═══ Dataset records ═══

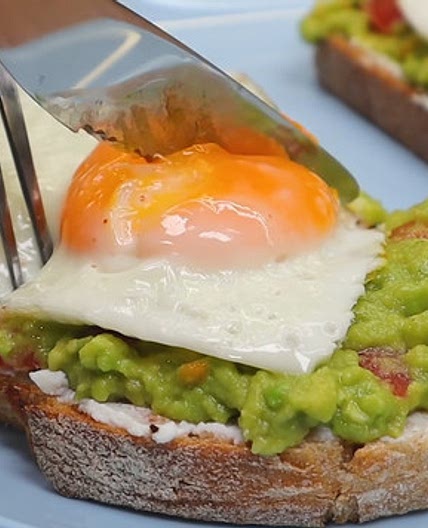 Delicious Avocado Toast with Egg: Easy Toast Recipe Ideas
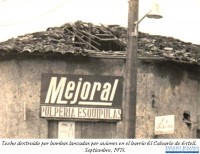 Insurrección Popular de Estelí - Techo destruido por bombas lanzadas por aviones en el barrio El Calvario - Septiembre de 1978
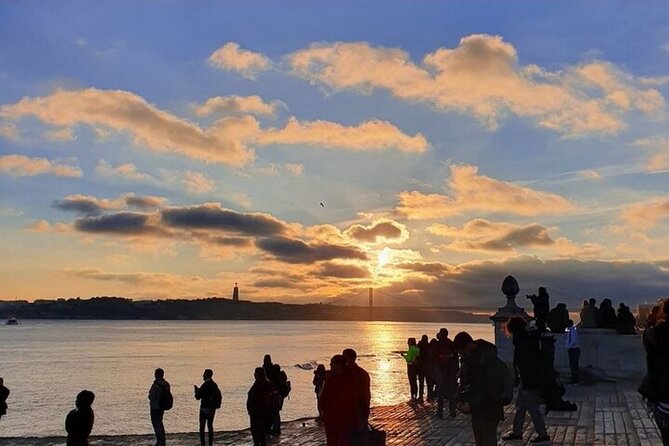 Private Sunset Sailing Tour in Lisbon With Welcome Drink - Meeting Point and Transportation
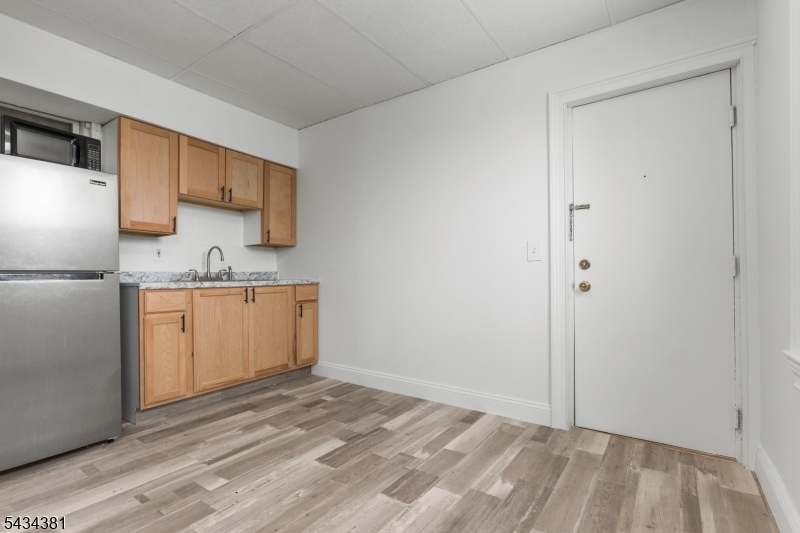 120 S Broadway Property Photo 16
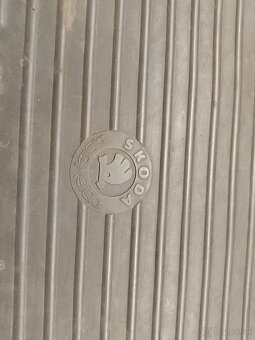 Gumená vaňa do kufra škoda Felicia hatchback - 2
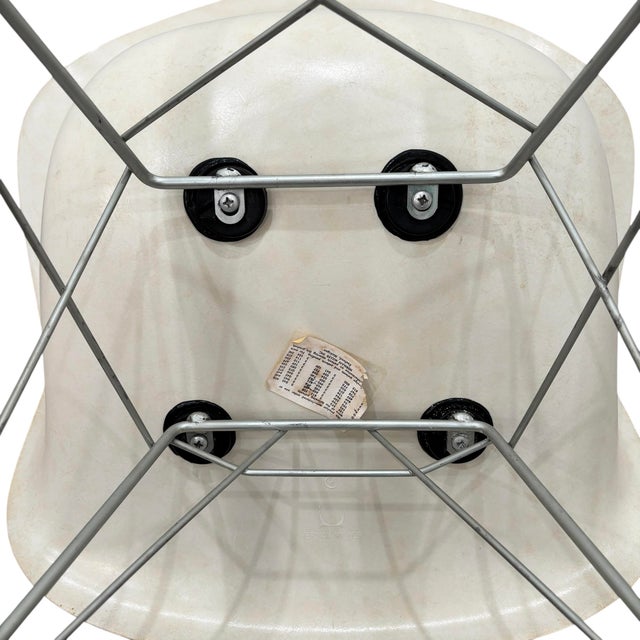 Vintage Herman Miller Eames Fiberglass Rocking Chair (Rar) Mid-Century Modern | Original Shell & Base For Sale - Image 13 of 15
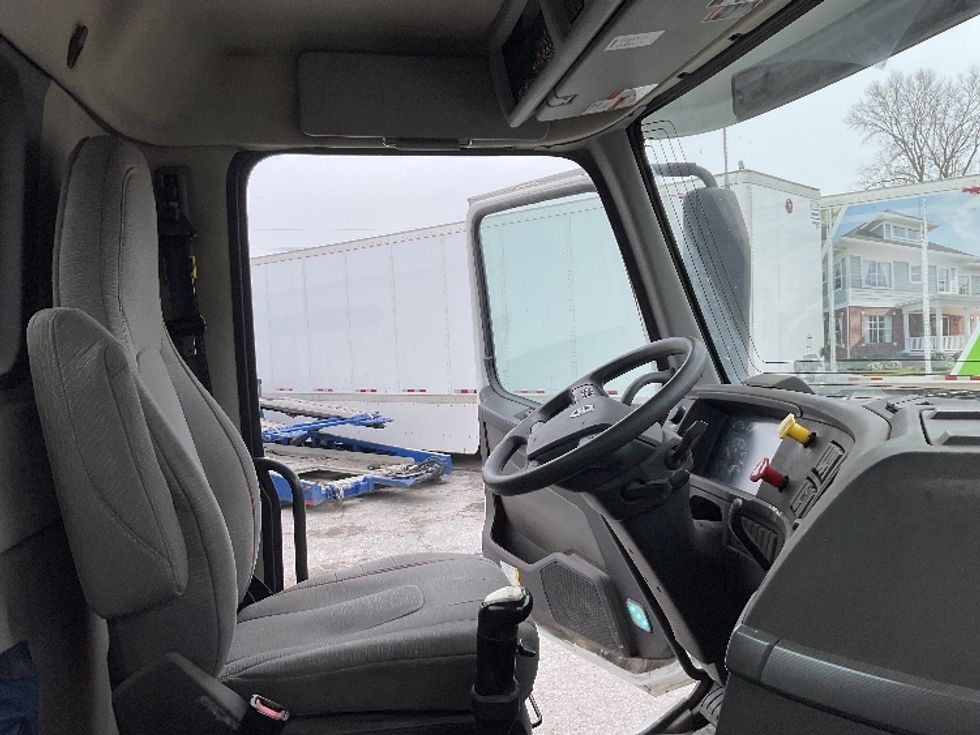 Day Cab Tractor-Heavy Duty Tractors-Volvo-2021-VNR42300-Kansas City-MO-217,721\n\t\tmiles-$ 36,250 - Image 14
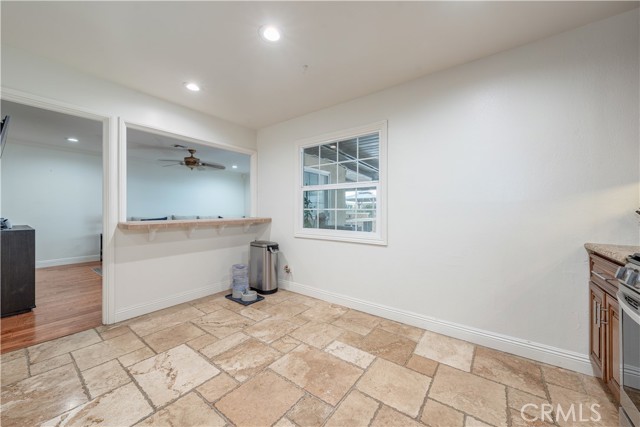 MLS #OC25244880 image #11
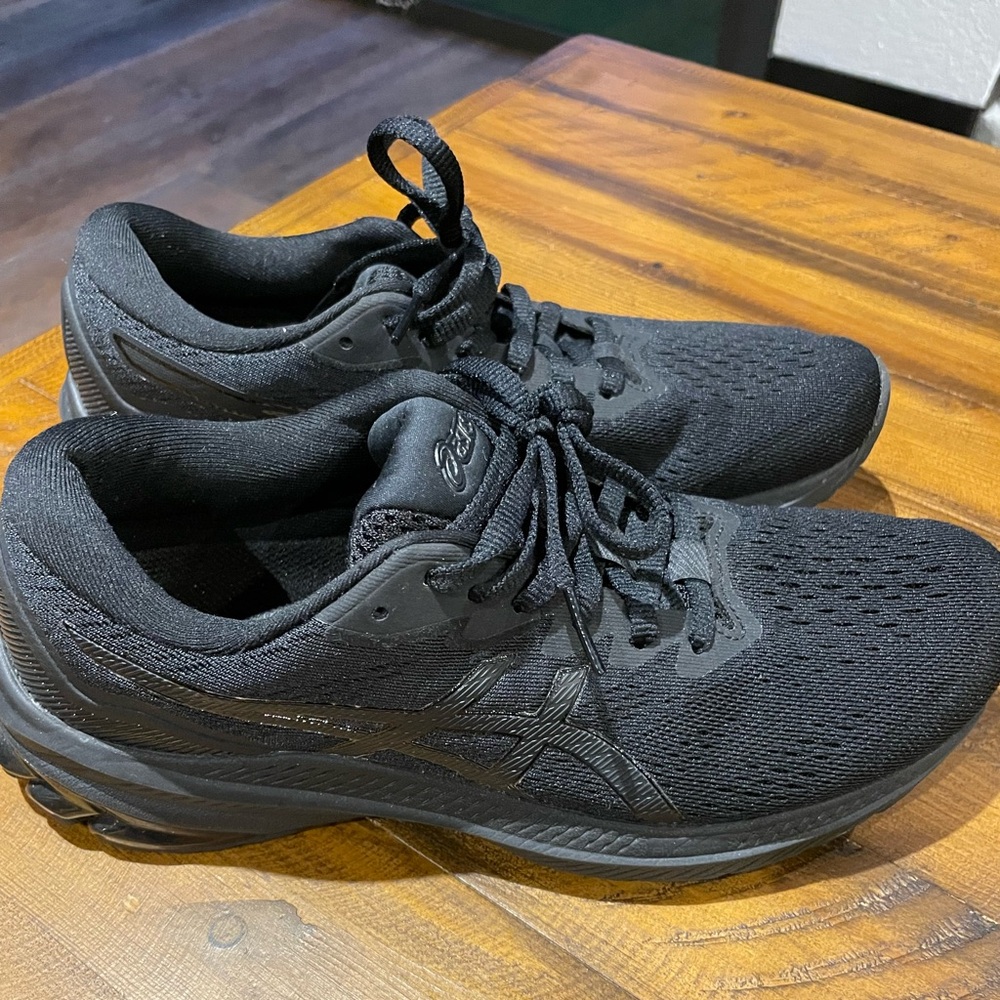 ASICS brand new never worn GT-1000 12 sneakers
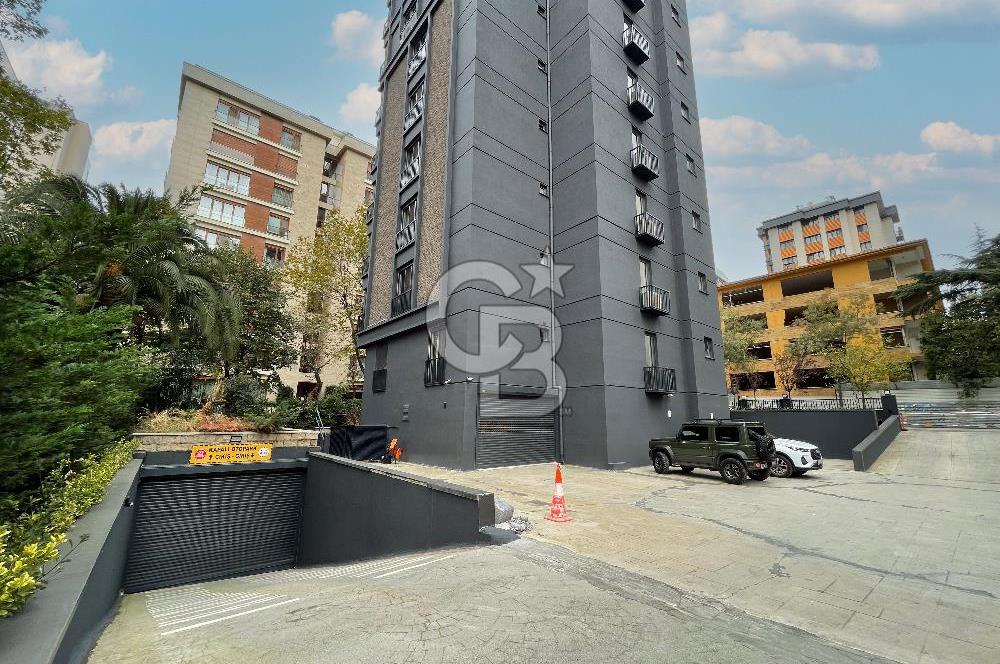 BAĞDAT CADDESİ SUADİYE KÖŞE KONUMDA ÖZEL GİRİŞLİ, KATTA TEK 4+1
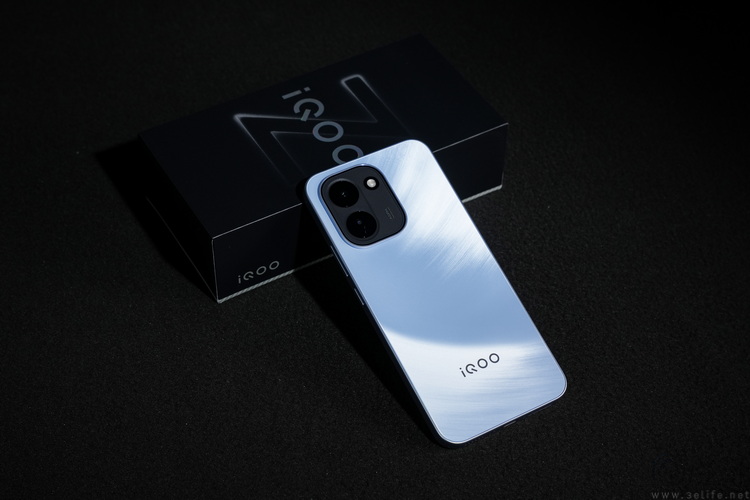 iQOO Z11首测:更实用的性能续航小超人 iQOO Z11首测:更实用的性能续航小超人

═══

→ **What the task asks**:
Give back every line of the material exactly as written, but not the pictures.

→ **Output**:
 Delicious Avocado Toast with Egg: Easy Toast Recipe Ideas
 Insurrección Popular de Estelí - Techo destruido por bombas lanzadas por aviones en el barrio El Calvario - Septiembre de 1978
 Private Sunset Sailing Tour in Lisbon With Welcome Drink - Meeting Point and Transportation
 120 S Broadway Property Photo 16
 Gumená vaňa do kufra škoda Felicia hatchback - 2
 Vintage Herman Miller Eames Fiberglass Rocking Chair (Rar) Mid-Century Modern | Original Shell & Base For Sale - Image 13 of 15
 Day Cab Tractor-Heavy Duty Tractors-Volvo-2021-VNR42300-Kansas City-MO-217,721\n\t\tmiles-$ 36,250 - Image 14
 MLS #OC25244880 image #11
 ASICS brand new never worn GT-1000 12 sneakers
 BAĞDAT CADDESİ SUADİYE KÖŞE KONUMDA ÖZEL GİRİŞLİ, KATTA TEK 4+1
 iQOO Z11首测:更实用的性能续航小超人 iQOO Z11首测:更实用的性能续航小超人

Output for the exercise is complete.